I even plugged it into a hub and then connected two devices (Xbox 360 and Dish Vip722) into the hub making the bridge work for both at the same time.


----------



## ChuckA (Feb 7, 2006)

The 622/722 also has in internal HomePlug device. This lets you communicate over the house power lines instead of using an Ethernet connection. To use it plug your 722 directly into a wall outlet or if you use a power strip it must have a HomePlug special outlet on it. Then get another HomePlug device and plug it in close to your router. Run an Ethernet cable from the HomePlug device to the router and you should be all set. You only need to purchase one HomePlug device since the receiver has an internal one already. I am using one on my 622 and it works just fine.


----------



## jckelsey (Oct 18, 2007)

I didnt know that! I'll give it a shot.

Thanks!!


----------



## dhclaypool (Oct 29, 2005)

You also can use what are typically called "Wireless Ethernet Bridge Adapters" or in some cases videogame adapters. I have a Buffalo wireless bridge with an integrated switch and both my Slingbox and 622 are connected to it and it communicates to the wireless router.


----------



## fredp (Jun 2, 2007)

Do a search on " Wireless Ethernet adapter list " There was a three page discussion on different ways to achieve what you want. I would of just put the link here but the cut&paste when displayed chopped off part of the address... I too went with the Buffalo and it works fine.


----------



## NYBuddy (Mar 29, 2006)

Do I need to call Dish to let them know I've hooked up my converter to the internet so they will stop charging me the $5 a month or will it take care of itself?


----------



## ChuckA (Feb 7, 2006)

It should occur automatically but you could make the call just for insurance.


----------



## gweempose (Jun 11, 2006)

I haven't actually hooked my 622 up to my network yet, but I was browsing through the setup menus last night, and I couldn't find an obvious way to manually configure the network settings. Since I am not running a DHCP server on my network, I need to use a static IP address. Is this possible?

Also, are there any specific ports you need to forward in your router to use DishOnline? Thanks!


----------



## tnsprin (Mar 16, 2003)

gweempose said:


> I haven't actually hooked my 622 up to my network yet, but I was browsing through the setup menus last night, and I couldn't find an obvious way to manually configure the network settings. Since I am not running a DHCP server on my network, I need to use a static IP address. Is this possible?
> 
> Also, are there any specific ports you need to forward in your router to use DishOnline? Thanks!

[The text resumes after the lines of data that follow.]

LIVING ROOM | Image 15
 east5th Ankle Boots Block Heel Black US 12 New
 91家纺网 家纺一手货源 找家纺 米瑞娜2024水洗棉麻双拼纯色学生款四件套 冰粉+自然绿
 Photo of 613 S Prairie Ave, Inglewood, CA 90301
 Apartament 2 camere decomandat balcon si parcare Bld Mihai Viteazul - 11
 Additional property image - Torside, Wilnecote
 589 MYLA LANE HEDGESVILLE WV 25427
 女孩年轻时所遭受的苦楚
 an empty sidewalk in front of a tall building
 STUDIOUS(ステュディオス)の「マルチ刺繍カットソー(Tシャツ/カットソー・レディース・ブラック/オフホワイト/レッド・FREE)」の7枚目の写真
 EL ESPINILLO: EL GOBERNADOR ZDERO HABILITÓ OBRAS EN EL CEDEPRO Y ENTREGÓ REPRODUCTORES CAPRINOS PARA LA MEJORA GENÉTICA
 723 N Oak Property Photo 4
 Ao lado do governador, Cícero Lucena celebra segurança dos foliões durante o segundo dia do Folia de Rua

Currently must use a DHCP. No ports need to be forwarded (incoming) as all communication is initiated as outgoing.


----------



## TulsaOK (Feb 24, 2004)

NYBandit said:


> Do I need to call Dish to let them know I've hooked up my converter to the internet so they will stop charging me the $5 a month or will it take care of itself?


They will stop charging you once the receiver "phones in". They won't take your word for it over the phone.


----------



## tnsprin (Mar 16, 2003)

TulsaOK said:


> They will stop charging you once the receiver "phones in". They won't take your word for it over the phone.


Check menu 6,3. You should see if it allows you to Call Out. Which it will if it hasn't reported in a month. Also counters show last connect.


----------



## gweempose (Jun 11, 2006)

tnsprin said:


> Currently must use a DHCP.


How ridiculous! What was Dish thinking? Every other CE device in my rack allows you to use static IP's (i.e. Tivo, Slingbox, ReplayTV, Squeezebox).


----------



## NYBuddy (Mar 29, 2006)

TulsaOK said:


> They will stop charging you once the receiver "phones in". They won't take your word for it over the phone.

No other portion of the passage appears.